Methods for fluid monitoring in a subterranean formation can comprise: providing a diverting fluid comprising a diverting agent; introducing the diverting fluid into a subterranean formation comprising one or more subterranean zones; and monitoring a disposition of the diverting fluid within the subterranean formation using one or more integrated computational elements in optical communication with the subterranean formation.

Description

CROSS-REFERENCE TO RELATED APPLICATIONS
This application is a continuation-in-part of U.S. patent application Ser. No. 13/198,915, filed Aug. 5, 2011, which is incorporated herein by reference in its entirety.
BACKGROUND
The present invention generally relates to methods for fluid monitoring, and, more specifically, to methods for monitoring the disposition of a fluid in a subterranean formation.
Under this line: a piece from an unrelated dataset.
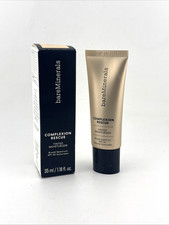 bareMinerals Complexion Rescue Tinted Hydrating Gel Cream Birch 1.5 SPF30 Sealed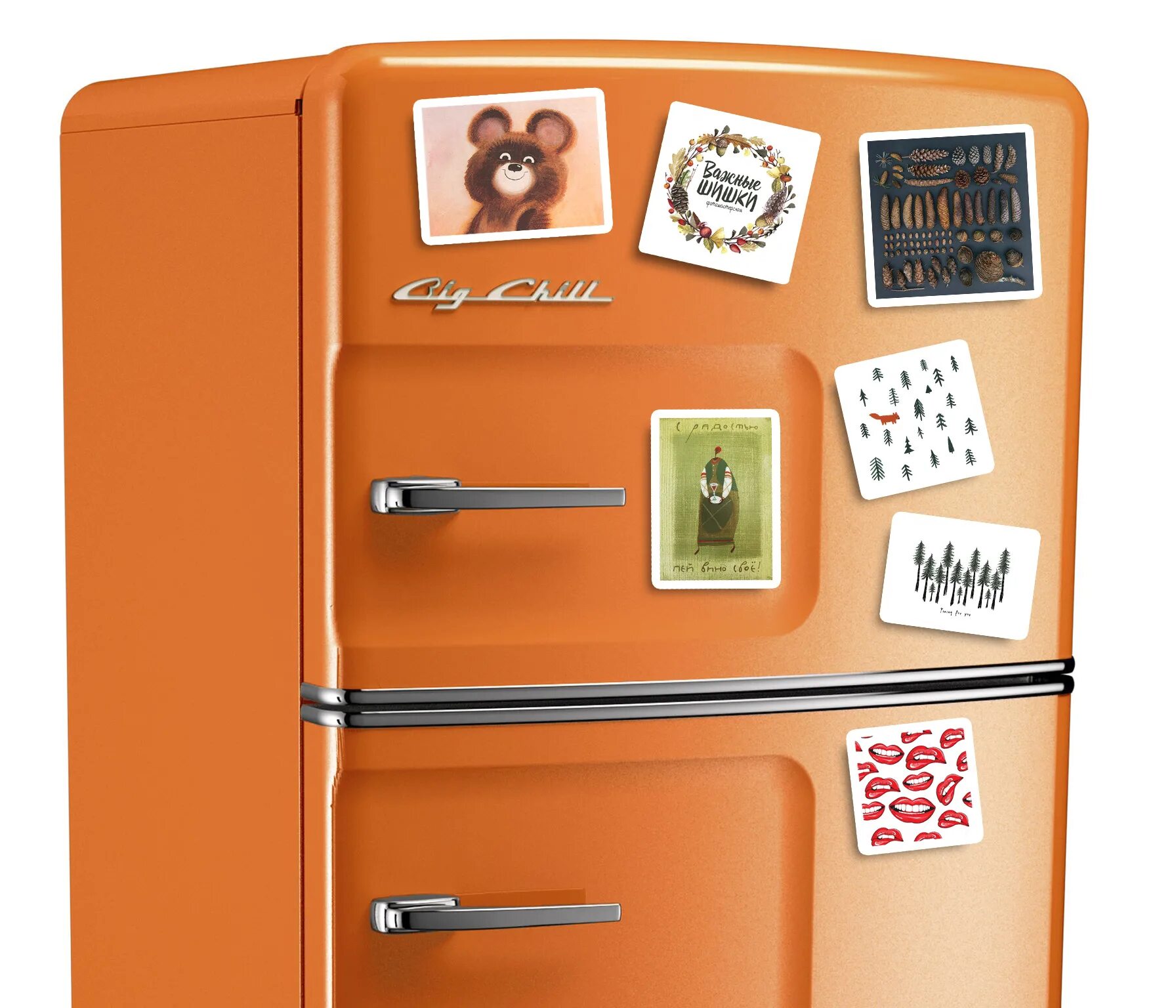 магнит акриловый. мокап магнит на холодильник. крутые магниты на холодильник. магнит на холодильник с фотографией. рамка для фото холодильники.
When conducting operations within a subterranean formation, it can oftentimes be desirable to know with some precision the constituent concentrations and/or characteristics of a fluid present in, being introduced to, or being produced from the formation. As used herein, the term “constituent” will be used to refer to a substance present within a fluid. As used herein, the term “characteristic” will be used to refer to the value of a chemical property or a physical property, which also may include an optical property or a mechanical property. Classically, it has been conventional to sample fluids encountered in the course of conducting subterranean operations and analyze them using off-line laboratory analyses, including spectroscopic and/or wet chemical methods. Although such retrospective analyses can be satisfactory in many instances, they are usually not sufficiently rapid to allow real-time or near real-time process control to take place.
Once removed from a subterranean environment, many fluids may exhibit different properties than they do downhole. Although fluids can be sampled from a subterranean environment and brought to the surface for analysis, there is generally no way to conclusively determine if the fluid has been changed in some manner during transit. In addition, highly specialized sampling techniques can often be needed, potentially adding to process complexity and costs. As an added difficulty, downhole fluid analysis techniques can oftentimes be difficult to perform and interpret. Many conventional spectroscopic instruments lack the ruggedness needed for deployment in the harsh conditions of a subterranean environment. More rugged techniques suitable for being carried out downhole may not be sufficiently rapid to allow real-time or near real-time process control to take place.
In addition to analyzing a fluid while it is downhole, it can oftentimes be desirable to know the downhole disposition of a fluid following its introduction to a subterranean formation. For example, it can be desirable to understand the zonal placement of a fluid in the subterranean formation, but many methods for determining downhole fluid disposition can be difficult to carry out and interpret. One technique that has been commonly used to determine fluid disposition within subterranean formations is distributed temperature sensing (DTS), which monitors the thermal front of an injected fluid in comparison to the formation temperature. Thief zones, cross-flow across producing zones, geothermal gradients, formation water, and other factors can complicate a DTS fluid disposition analysis. In addition, DTS analyses can take several hours to acquire and interpret, again precluding real-time or near real-time process control.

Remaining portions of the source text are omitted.